Ma se poche settimane fa ci spendevamo in elogi per la maturazione di Zalone nel suo ultimo film, "Quo vado?", per l'opera prima dei The Pills, diretta da uno di loro, ossia Luca Vecchi, occorre raffreddare di molto gli entusiasmi e convincersi che forse il passaggio al grande schermo è stato affrettato e poco lungimirante. Laddove Checco, coadiuvato dal sodale Gennaro Nunziante in cabina di regia, è riuscito, dopo diversi tentativi, a trasformare, finalmente, la sua comicità istantanea in materia prima per una vera e propria commedia, i tre romani si sono "limitati" a un cambio di mezzo comunicativo. Ma la sostanza, ignorando le regole della messa in scena cinematografica, è rimasta identica. I novanta minuti di "The Pills - Sempre meglio che lavorare" procedono senza una visione unitaria delle scene assemblate, accomunate, certo, da un filo conduttore, invero molto flebile rispetto alla preponderanza dello sketch in sé, di un situazionismo comico che procede per ripetizione dei soliti tic.

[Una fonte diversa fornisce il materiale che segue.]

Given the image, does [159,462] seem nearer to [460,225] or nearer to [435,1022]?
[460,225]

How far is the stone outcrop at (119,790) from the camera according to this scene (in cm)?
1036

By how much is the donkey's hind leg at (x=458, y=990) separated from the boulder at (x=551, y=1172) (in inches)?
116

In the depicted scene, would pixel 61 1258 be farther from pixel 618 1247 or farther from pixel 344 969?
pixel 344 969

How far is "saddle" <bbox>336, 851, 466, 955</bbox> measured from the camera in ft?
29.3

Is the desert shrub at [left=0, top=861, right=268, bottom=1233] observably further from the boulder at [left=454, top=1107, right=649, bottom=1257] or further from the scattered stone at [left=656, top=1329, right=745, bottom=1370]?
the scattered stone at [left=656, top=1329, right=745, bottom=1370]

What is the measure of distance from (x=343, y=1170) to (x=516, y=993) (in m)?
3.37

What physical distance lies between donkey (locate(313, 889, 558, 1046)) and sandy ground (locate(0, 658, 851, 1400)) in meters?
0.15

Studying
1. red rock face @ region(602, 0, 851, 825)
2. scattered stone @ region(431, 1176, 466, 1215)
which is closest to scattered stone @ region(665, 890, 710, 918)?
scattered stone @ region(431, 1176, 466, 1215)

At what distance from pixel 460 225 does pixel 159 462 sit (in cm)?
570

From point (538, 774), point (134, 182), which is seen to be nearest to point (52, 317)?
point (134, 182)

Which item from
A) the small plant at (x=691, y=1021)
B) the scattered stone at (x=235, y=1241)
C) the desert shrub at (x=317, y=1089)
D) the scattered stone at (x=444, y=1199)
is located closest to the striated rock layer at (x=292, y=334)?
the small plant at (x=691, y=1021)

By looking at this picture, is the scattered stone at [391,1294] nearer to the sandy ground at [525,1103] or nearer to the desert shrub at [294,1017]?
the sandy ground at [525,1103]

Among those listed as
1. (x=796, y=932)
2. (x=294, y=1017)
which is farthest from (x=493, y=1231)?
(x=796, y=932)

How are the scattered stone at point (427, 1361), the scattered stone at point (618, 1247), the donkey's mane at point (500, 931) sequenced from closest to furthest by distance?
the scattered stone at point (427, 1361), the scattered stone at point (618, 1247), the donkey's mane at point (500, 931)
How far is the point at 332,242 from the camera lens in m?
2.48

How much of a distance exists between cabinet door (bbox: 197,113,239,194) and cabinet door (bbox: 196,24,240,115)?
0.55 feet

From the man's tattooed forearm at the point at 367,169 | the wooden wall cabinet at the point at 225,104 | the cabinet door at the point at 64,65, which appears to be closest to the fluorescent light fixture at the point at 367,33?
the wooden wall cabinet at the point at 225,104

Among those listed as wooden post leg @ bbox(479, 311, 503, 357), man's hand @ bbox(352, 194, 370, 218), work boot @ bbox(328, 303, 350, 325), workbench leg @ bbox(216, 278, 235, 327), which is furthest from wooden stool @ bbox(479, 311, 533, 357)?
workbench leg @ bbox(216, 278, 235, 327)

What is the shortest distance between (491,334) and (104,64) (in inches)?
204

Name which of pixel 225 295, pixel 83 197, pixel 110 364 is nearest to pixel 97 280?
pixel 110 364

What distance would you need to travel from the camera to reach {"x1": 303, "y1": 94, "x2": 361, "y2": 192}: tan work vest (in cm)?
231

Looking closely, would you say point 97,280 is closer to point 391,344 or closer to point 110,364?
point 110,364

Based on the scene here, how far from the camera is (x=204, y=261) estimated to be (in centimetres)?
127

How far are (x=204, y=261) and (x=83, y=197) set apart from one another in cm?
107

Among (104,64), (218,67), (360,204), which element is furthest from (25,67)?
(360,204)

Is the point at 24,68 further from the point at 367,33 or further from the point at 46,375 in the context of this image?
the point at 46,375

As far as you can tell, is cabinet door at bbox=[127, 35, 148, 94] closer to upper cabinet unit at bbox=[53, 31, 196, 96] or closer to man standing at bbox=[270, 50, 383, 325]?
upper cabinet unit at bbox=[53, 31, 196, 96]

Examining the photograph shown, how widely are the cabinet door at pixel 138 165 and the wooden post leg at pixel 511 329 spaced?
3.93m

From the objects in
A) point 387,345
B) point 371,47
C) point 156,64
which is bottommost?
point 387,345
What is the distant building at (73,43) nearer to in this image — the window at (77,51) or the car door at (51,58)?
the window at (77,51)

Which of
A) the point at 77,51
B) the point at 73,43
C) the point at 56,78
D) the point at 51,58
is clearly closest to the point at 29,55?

I tre sono in una sorta di crisi di mezza età anticipata: si sono ripromessi di non lavorare mai, ma le responsabilità bussano alla porta, una ragazza si affaccia nella vita di uno dei tre e mantenere fede al patto stretto da ragazzini diventa difficile. La comicità di The Pills è tutta verbale, è fatta di un rapporto di complicità fra gli attori e il pubblico, movenze e locuzioni tipiche della Roma contemporanea che chi frequenta gli stessi quartieri, gli stessi locali, gli stessi luoghi pubblici può ben capire. Ma se su Internet i singoli spezzoni acquistavano una forza grottesca esilarante, nel formato "cinema" si rischia addirittura un effetto-noia. Non volendosi piegare al nuovo strumento, il trio non rinuncia a usare in abbondanza alcuni dei propri marchi di fabbrica: flashback come se piovesse, musica invadente, citazionismo sempre puntuale (ma un po' troppo semplice, si va da Fellini a Tarantino).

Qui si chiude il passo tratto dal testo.